OLD GREENWICH, Conn., Jan. 13, 2014 /PRNewswire/ -- Lone Star Value Management, LLC (together with its affiliates, "Lone Star Value"), a significant shareholder of SWS Group, Inc. ("SWS" or the "Company") (NYSE: SWS), owning 750,000 shares of the Company, today announced it delivered a letter to the Board of Directors of SWS (the "Board"). The letter detailed Lone Star Value's conclusion that the unsolicited proposal submitted by Hilltop Holdings Inc. ("Hilltop") to acquire all of the outstanding shares of SWS for $7.00 per share in 50% cash and 50% Hilltop common stock is deeply inadequate and significantly undervalues the Company. Lone Star Value expressed its belief that, consistent with its duties to SWS shareholders, the Board must commence a full and fair review of all opportunities to maximize shareholder value through the sale of the Company to the highest bidder. In addition, the Board should create an independent special committee to coordinate the review process that does not include members of management, Hilltop or Oak Hill Capital Partners ("Oak Hill"). Lone Star Value voiced its concern that Hilltop's large equity stake, lending relationship and current representation on the Board provide it with leverage to seek preferential treatment over other bidders. Lone Star Value called on Hilltop to publicly commit to cooperate with any efforts of the Board to identify other potential acquirers and pursue a transaction that maximizes shareholder value.

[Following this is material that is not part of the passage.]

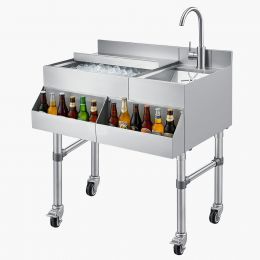 VEVOR Commercial Ice Bin with Sink & Faucet Stainless Steel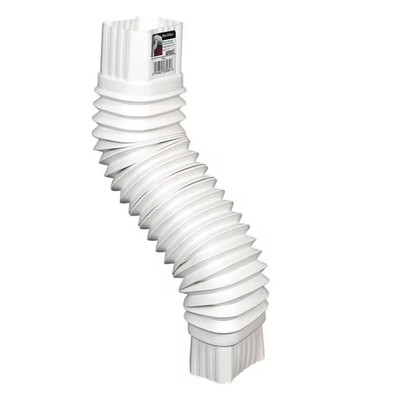 Flex-Elbow 3 In. X 4 In. White Vinyl Downspout Elbow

The full text of the letter follows:
January 13, 2014
Board of Directors SWS Group, Inc. 1201 Elm Street, Suite 3500 Dallas, Texas 75270
Dear Members of the Board:
As you know, Lone Star Value Management, LLC (together with its affiliates, "Lone Star Value") is a significant shareholder of SWS Group, Inc. ("SWS" or the "Company") with current ownership of 750,000 shares of SWS. We invest in undervalued securities and seek to engage with our portfolio companies in a constructive way to help maximize value for all shareholders. I grew up in the Dallas area and have followed SWS for a long time. Over the years, I have also had many friends who have worked at SWS. We invested in the Company in early 2012 and we have conducted a deep analysis of its business and prospects. We have shared our analysis and recommendations with the Board of Directors of SWS (the "Board") and principals of Hilltop Holdings Inc. ("Hilltop") and Oak Hill Capital Management ("Oak Hill") both in meetings with them and in a private letter we sent to members of the Board in November 2013. Our goal, which I am sure that you share, is for SWS to realize its full potential as a company and for shareholder value to be maximized.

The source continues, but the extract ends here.